Stored items from a collection
───
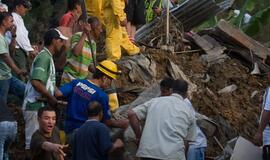 Gelbėtojai Kolumbijoje po nuošliauža rado 30 žmonių kūnus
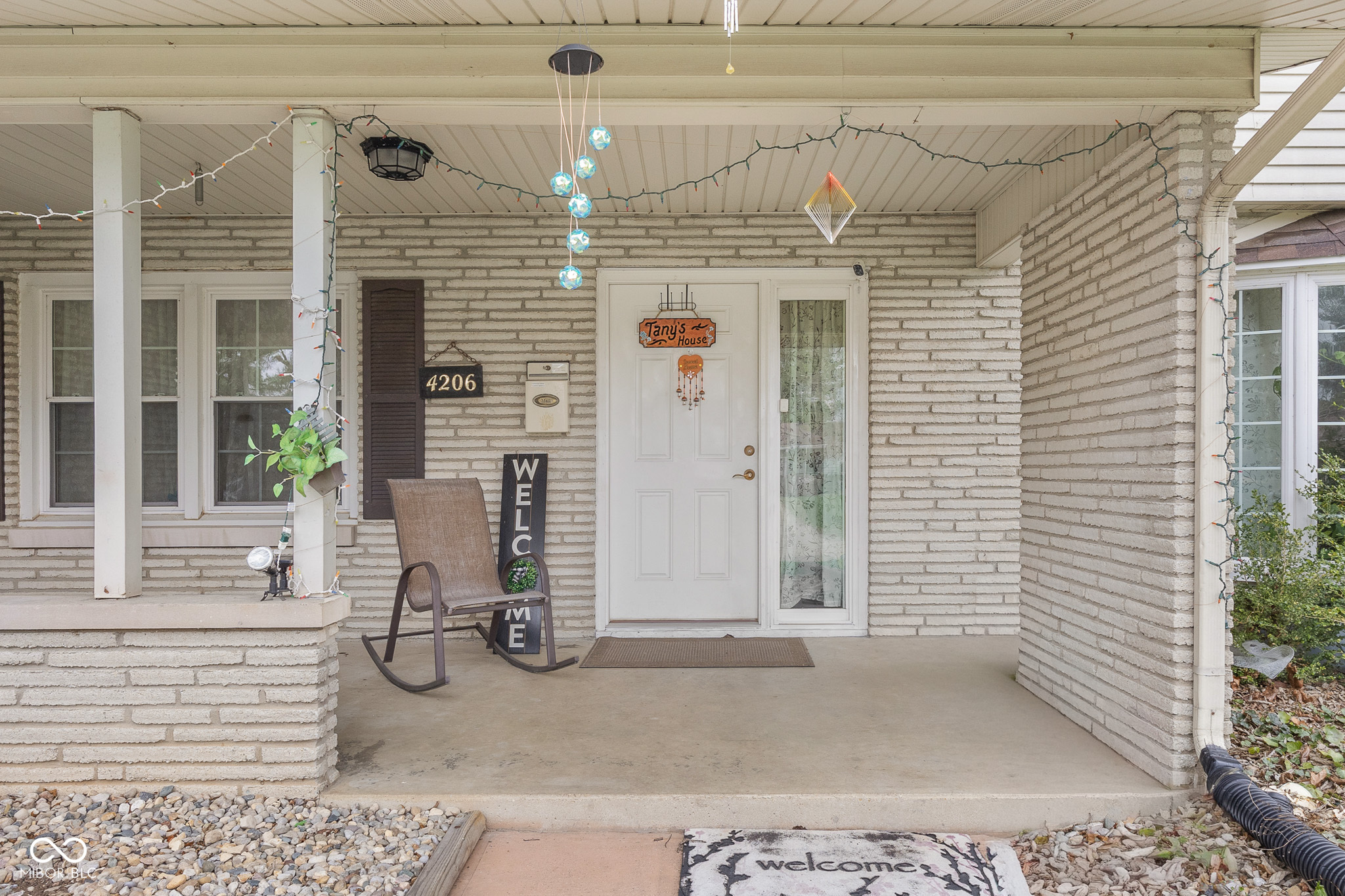 4206 Ridgeway Avenue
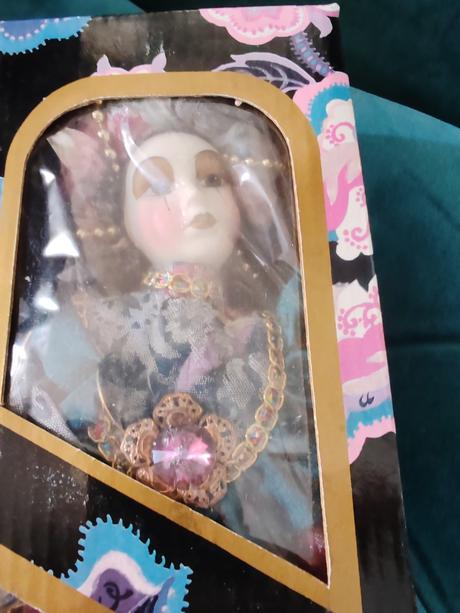 Porcelanova babika nova, 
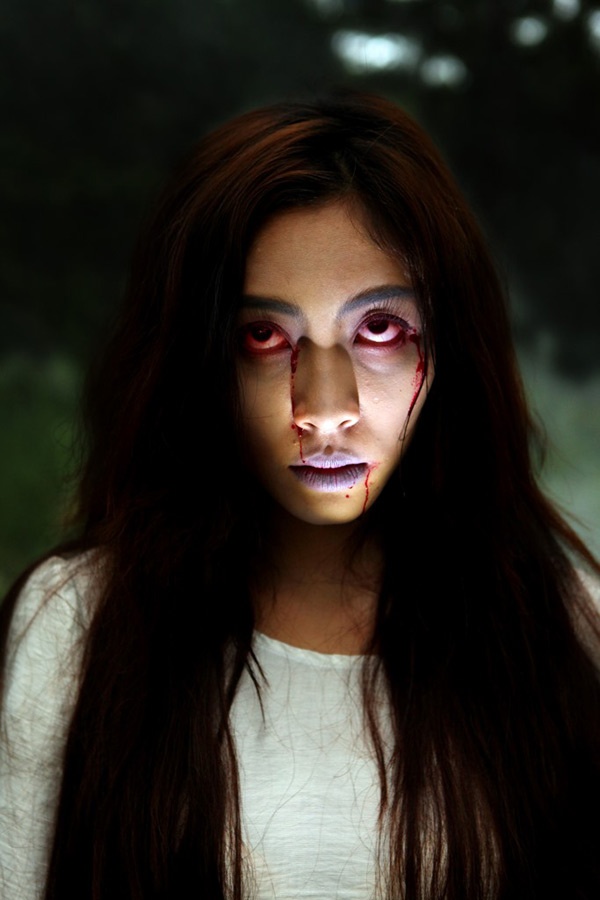 Tạm chia tay với danh hiệu một nàng Hoa hậu, Thu Thảo được hóa trang thành hồn ma cô Nga khá ấn tượng. Rất thích thú với cuộc thử nghiệm này nên cô đã chia sẻ những hình ảnh ma quái của mình trên mạng xã hội.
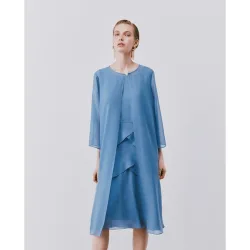 Vestido corto de manga larga de mujer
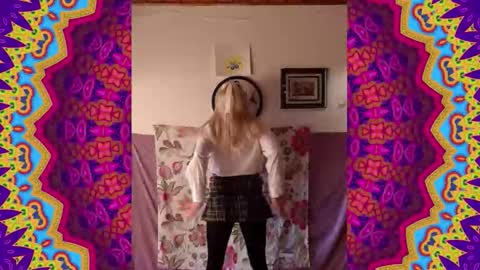 sch00lgirlass online show from February 13, 2026, 7:10 pm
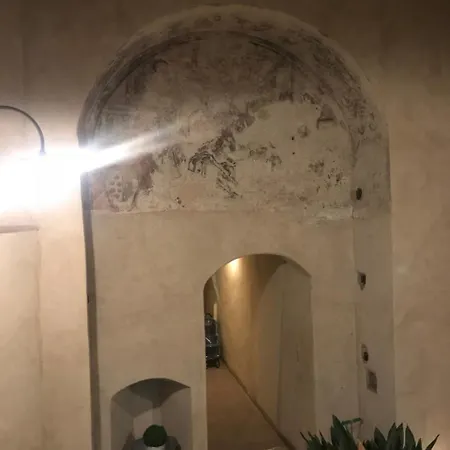 Le Suites Della Rocca * פיאטרה סנטה
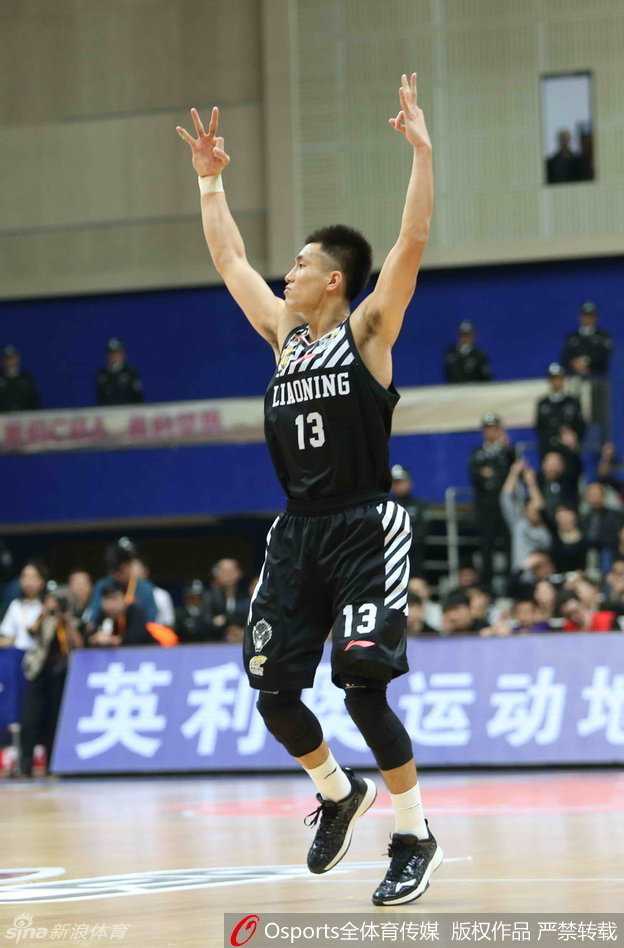 辽篮复仇京城·功夫熊猫劈扣定乾坤 韩德君无视防守人,高高跃起完成势大力沉的单手劈扣,这一刻他犹如巨灵神下凡,展现了内线绝对的统治力。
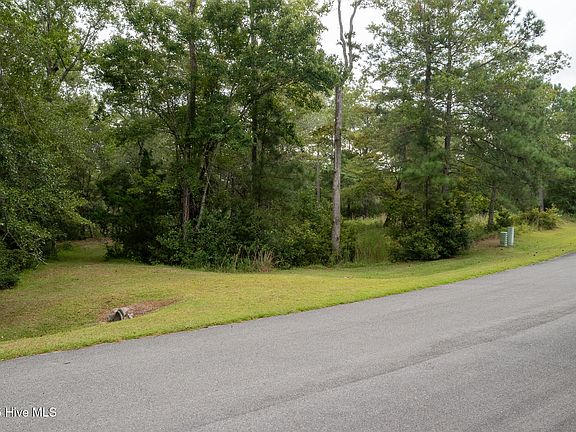 3rd image of 3310 Portside Drive SW
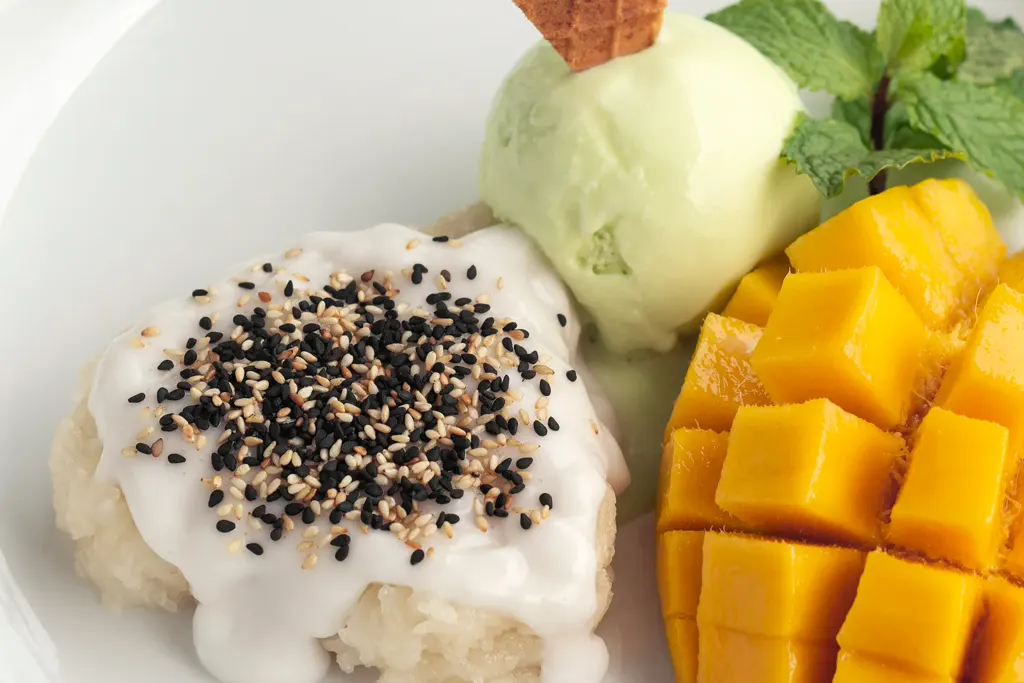 Mango sticky rice with ice cream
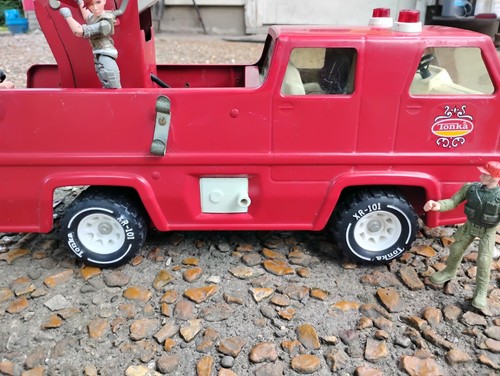 1970's Tonka Fire Truck w/ Fire Hydrant Pressed Steel Toy - Picture 15 of 20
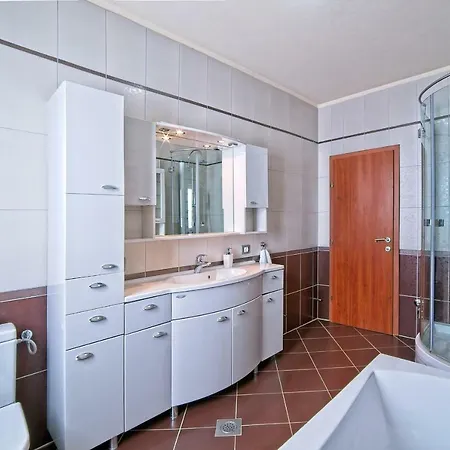 House Paula Rab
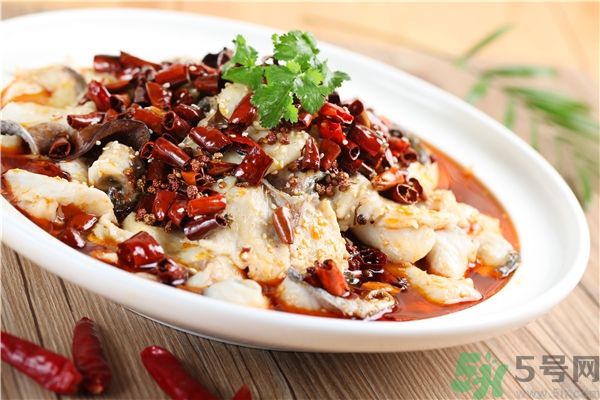 吃魚的時候能喝茶嗎？吃魚可以喝茶嗎？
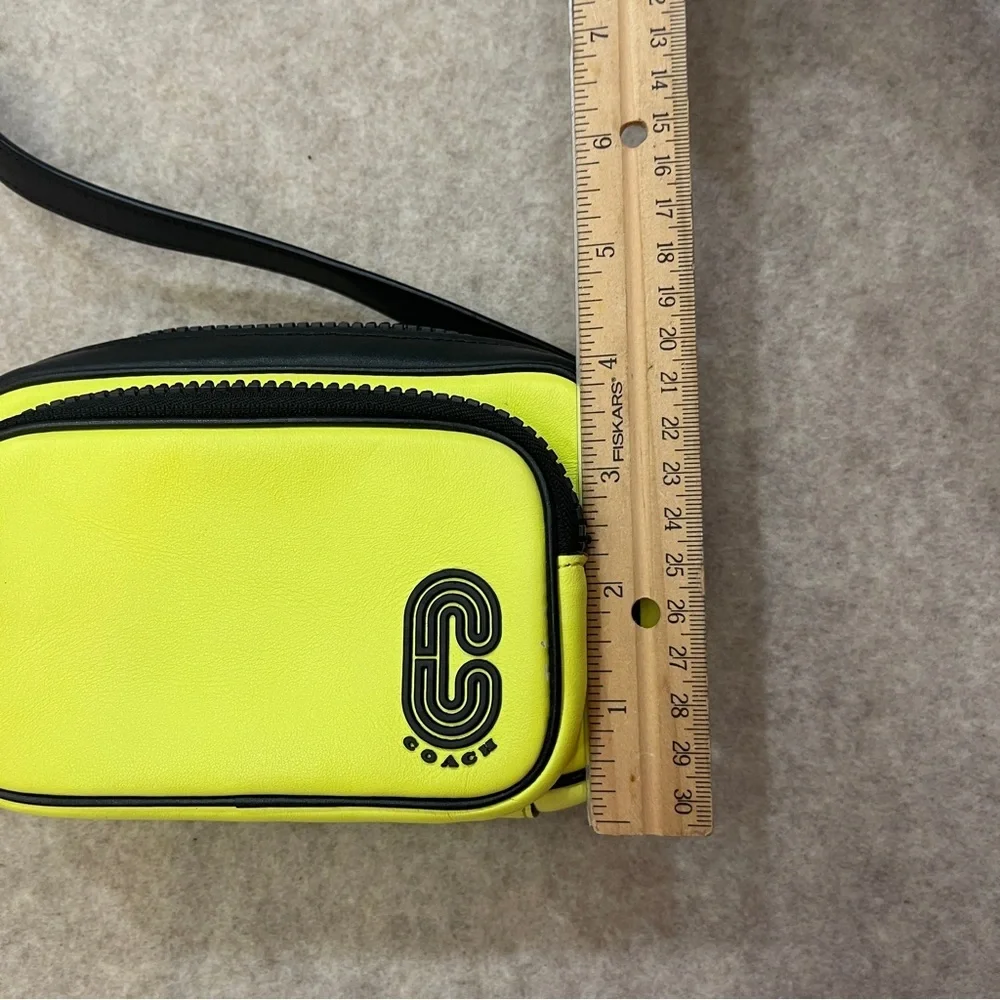 Coach mini edge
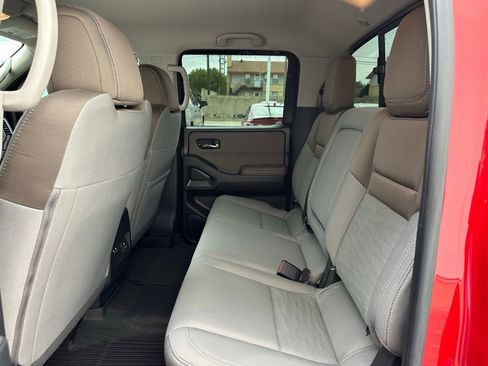 Used 2024 Nissan Frontier SV w/ SV Convenience Package image 12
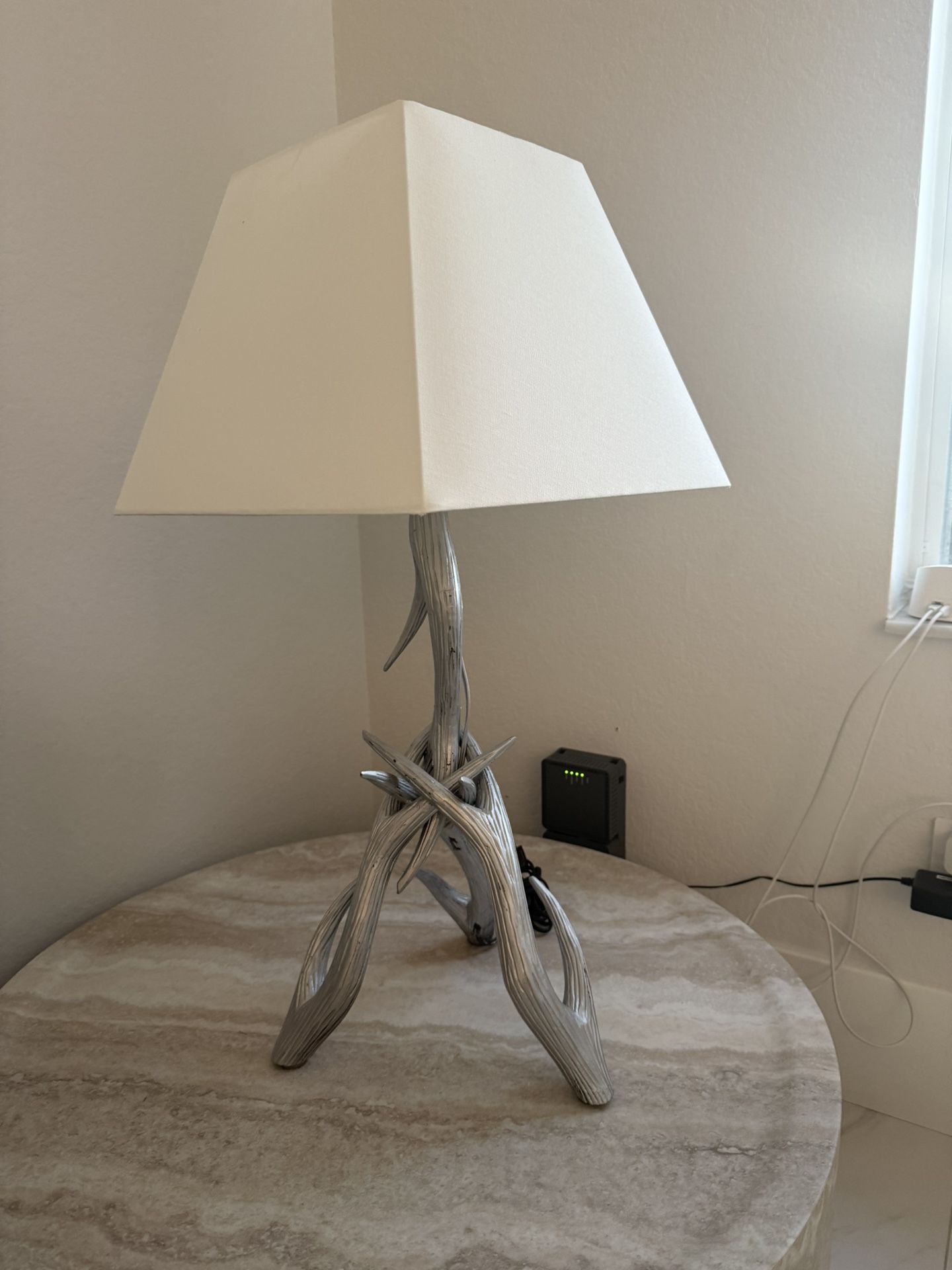 2 Lamps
───
> Problem details
Omitting all pictures, restate word for word the lines from the one containing "吃魚的時候能喝茶嗎？吃魚可以喝茶嗎？" through the last line of the data.

> Response for this exercise
 吃魚的時候能喝茶嗎？吃魚可以喝茶嗎？
 Coach mini edge
 Used 2024 Nissan Frontier SV w/ SV Convenience Package image 12
 2 Lamps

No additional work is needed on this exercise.